Dodge freou Lava Jato, revela relatório do STF
Sem alarde, o ministro Edson Fachin, relator da Lava Jato no Supremo Tribunal Federal, divulgou na sexta-feira (26) relatório sobre a operação. Contém dados atualizados até o último dia 31 de março. A análise das informações permite concluir que, sob Raquel Dodge, a Procuradoria-Geral da República freou a maior operação anticorrupção já realizada no país.
Entre 2015 e 2019, informa o relatório de Fachin, foram homologados na Suprema Corte 110 acordos de colaboração premiada. Apenas um ocorreu na gestão Dodge, iniciada em setembro de 2017. Nele, o lobista Jorge Luz disse ter repassado propinas ao senador Renan Calheiros (MDB-AL) e seu grupo político. A homologação foi feita por Fachin em dezembro de 2018.
Dodge submeteu à apreciação do Supremo, no último mês de janeiro, um segundo acordo de colaboração, firmado dessa vez com o ex-presidente da OAS, Léo Pinheiro. Mas a peça ainda não foi homologada. "Em 2019, não houve homologação", informa o documento de Fachin. O delator declarou ter repassado propinas e caixa dois eleitoral a políticos. Entre eles o petista Lula e o ex-prefeito do Rio Eduardo Paes (ex-MDB, hoje no DEM).
O relatório de Fachin anota que, entre 2016 e 2019, a Procuradoria-Geral da República protocolou no Supremo 24 denúncias no âmbito da Lava Jato. Num balanço que fizera de sua gestão em outubro do ano passado, Dodge contabilizava 46 denúncias, mas apenas quatro se referiam ao maior escândalo de corrupção do país. Certos casos cobravam reação. Uma das denúncias de Dodge, realçada por Fachin, refere-se ao caso dos R$ 51 milhões atribuídos a Geddel Vieira Lima.

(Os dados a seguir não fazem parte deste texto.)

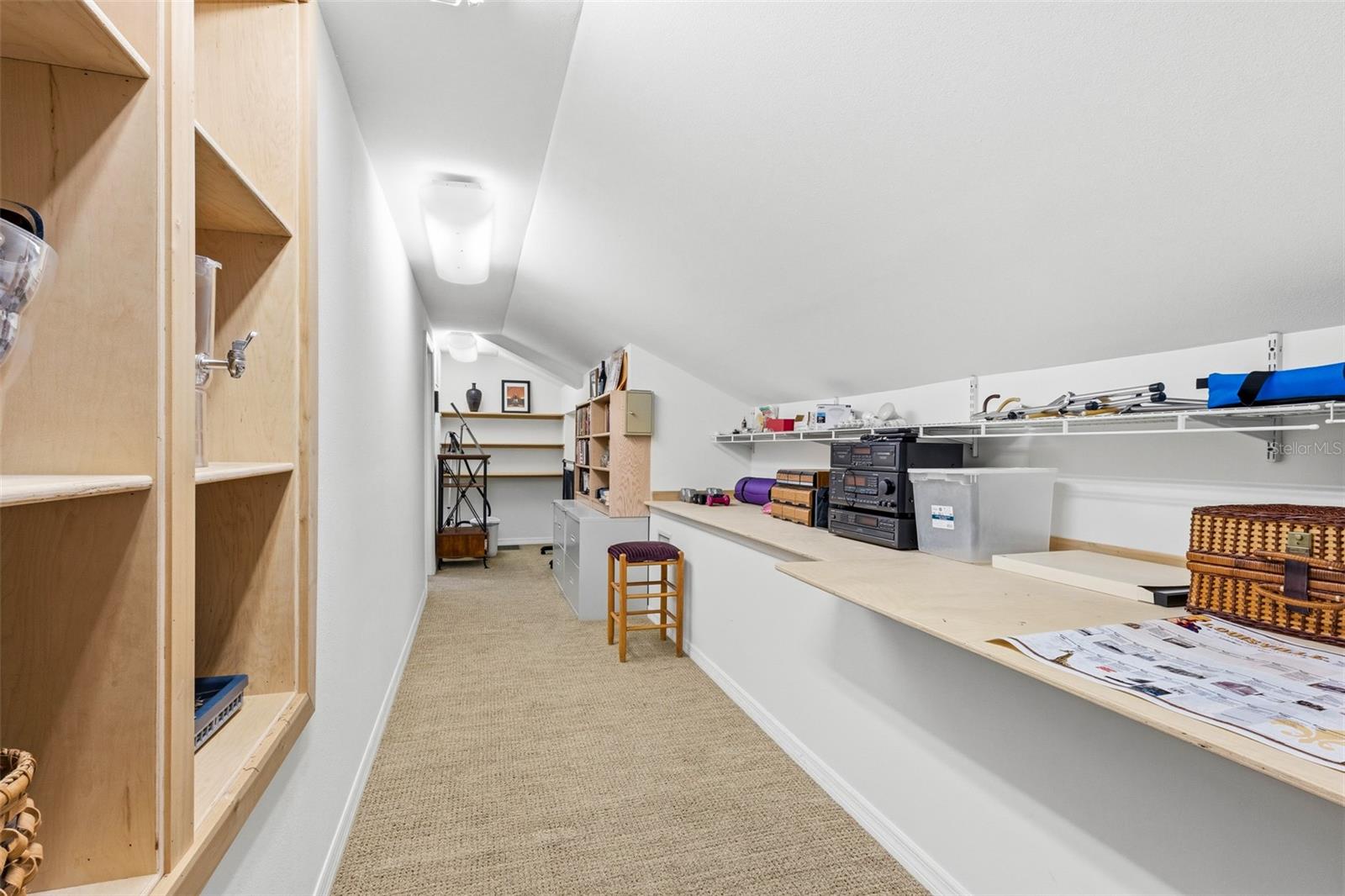 TIDY ISLAND PH II - Residential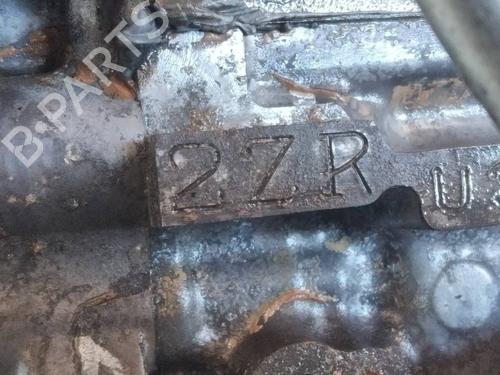 Engine TOYOTA AURIS (_E15_) 1.8 Hybrid (ZWE150_, ZWE150R) | BP31153655M1 - Image 2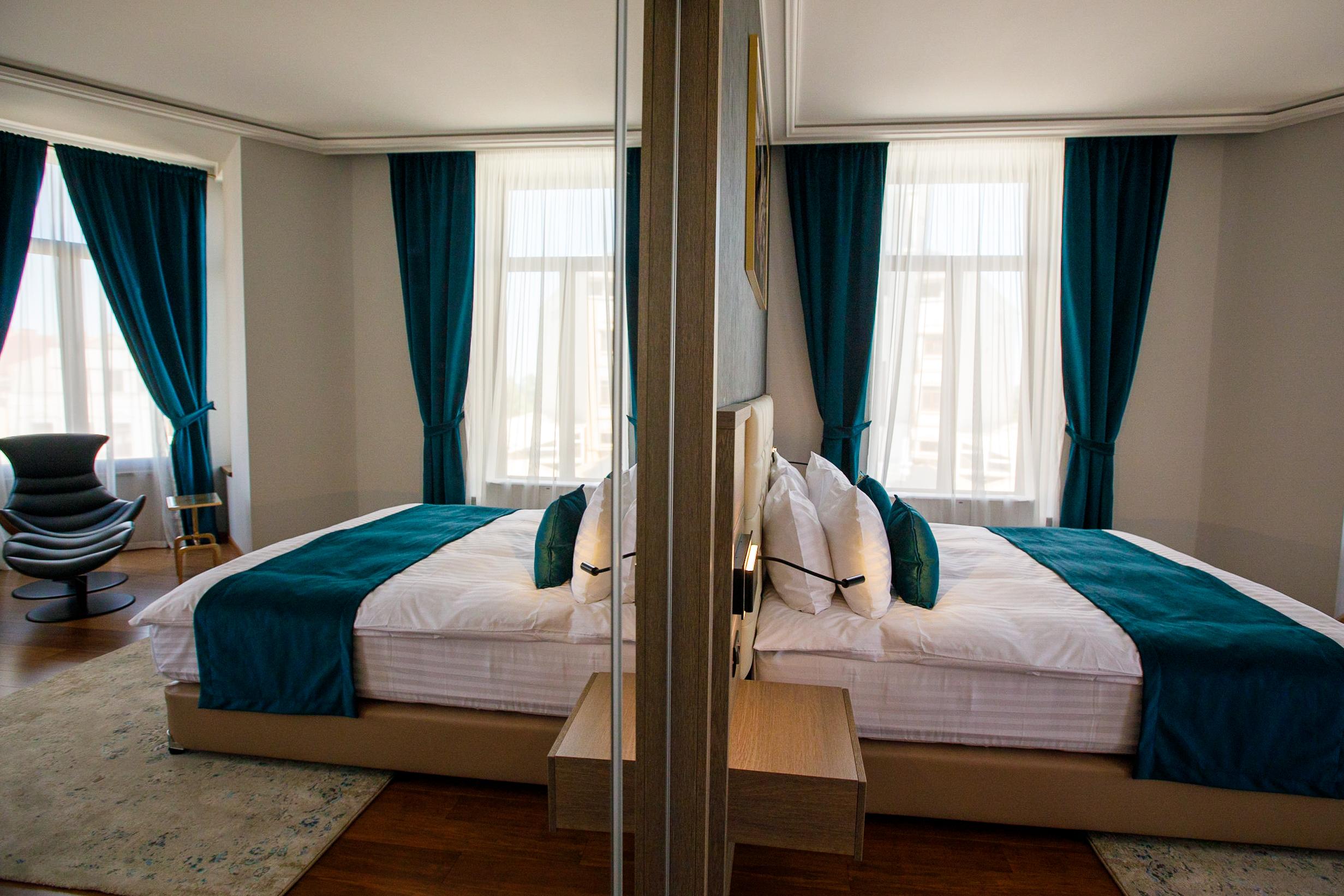 Hotel Casa Hrisicos Konstanca Zewnętrze zdjęcie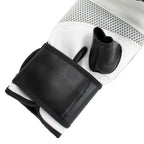 Super Pro Combat Gear Victor Bokszakhandschoenen - Zwart/Wit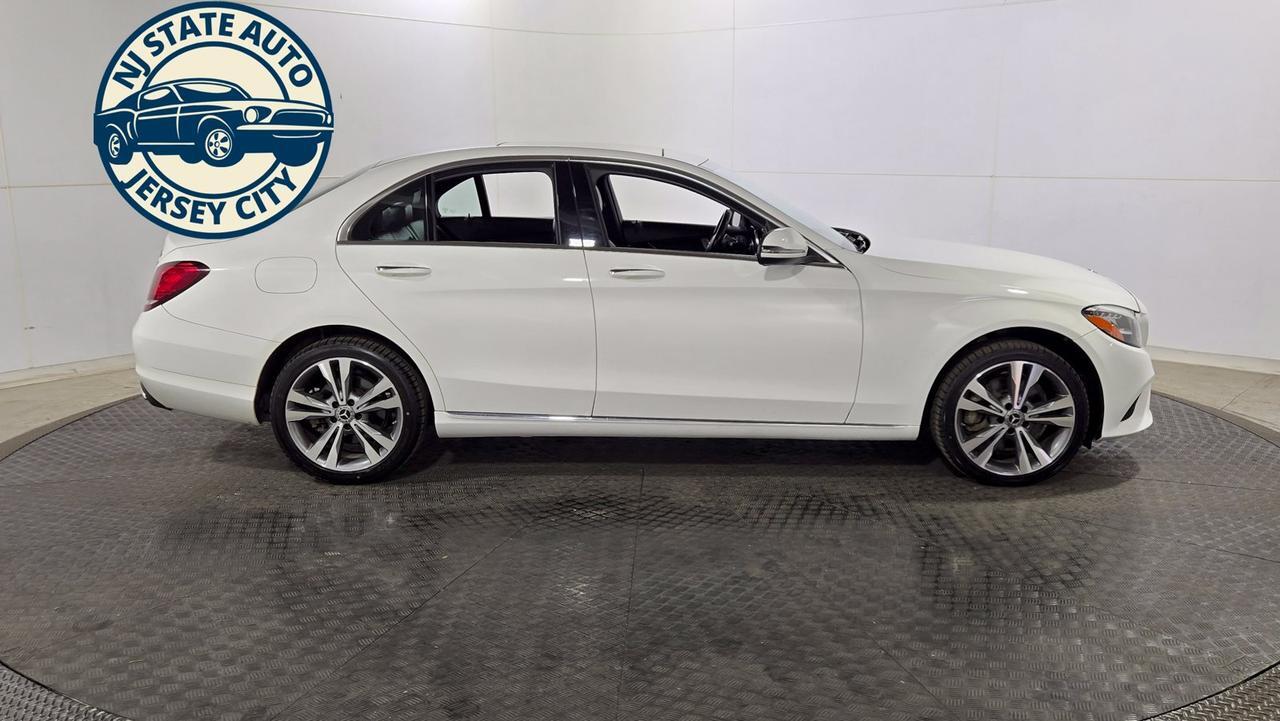 2019 Mercedes-Benz C-Class C 300 Jersey City NJ 2019 Mercedes-Benz C-Class C 300 Jersey City NJ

Afora os casos que se encontram aos cuidados de Fachin, Dodge formulou uma denúncia contra Michel Temer, no caso dos portos. Fez isso no ocaso de 2018, após o início do recesso de final do ano do Judiciário, a poucos dias da passagem da faixa presidencial de Temer para Jair Bolsonaro.
O relator do caso era o ministro Luís Roberto Barroso. Não lhe restou senão aguardar a volta das férias, desmembrar o processo e enviar pedaços dele para a primeira instância do Judiciário, em Brasília, São Paulo e no Rio de Janeiro. O naco remetido para o Rio já resultou numa estadia de quatro dias de Temer na prisão.
Também no caso de Temer, Raquel Dodge estava como que pressionada pelas circunstâncias a tomar providências. Seu antecessor, Rodrigo Janot, mantivera as fornalhas da Lava Jato permanentemente acesas. Munido de informações colecionadas na delação da JBS, Janot denunciara Temer duas vezes.
Dodge foi indicada por Temer à chefia do Ministério Público. Ocupava a segunda posição na lista tríplice resultante de eleição dos procuradores. Não ficaria bem ignorar os achados da Polícia Federal no inquérito dos portos. Num trecho do seu relatório, Fachin relata as derradeiras denúncias levadas ao Supremo por Janot antes de passar o cargo para Dodge. Quem lê esse pedaço do documento (reproduzido abaixo) percebe que a eventual inação de Dodge produziria um contraste tóxico.
Integrantes da equipe de Raquel Dodge sustentam que o freio imposto por ela à Lava Jato decorre de zelo e cautela, não de negligência. Recordam que a procuradora-geral assumiu sob o impacto dos questionamentos ao acordo de delação que Janot celebrara com os irmãos Joesley e Wesley Batista, da JBS. Um acordo tisnado pela imunidade penal concedida aos delatores e por suspeições que incluíam a presença de um procurador que mantinha um pé na equipe de Janot e outro num escritório de advocacia a serviço dos delatores.
Onde os auxiliares de Dodge enxergam cautela, integrantes da força tarefa da Lava Jato em Curitiba e no Rio de Janeiro vêem uma procuradora-geral que interrompeu uma sequência de fases da Lava Jato no Supremo, represou acordos de colaboração judicial e limitou as denúncias aos casos de maior repercussão. Faz isso não por falta de matéria-prima, mas por opção. O mandato de Dodge termina em setembro.
— Serviço: O relatório com a atualização dos dados referentes à Lava Jato foi repassado pelo ministro Edson Fachin aos pesquisadores Michael Mohallem, Bruno Brandão e Ninna de Araújo, da Escola de Direito da Fundação Getúlio Vargas. O material recheará um trabalho sobre a história da operação. Fachin divulgou as informações também no site do Supremo. A coisa está disponível em dois links. Num, detalhou-se o percurso dos processos na Suprema Corte. Noutro, reuniram-se os dados referentes ao período de 2016 a 2019.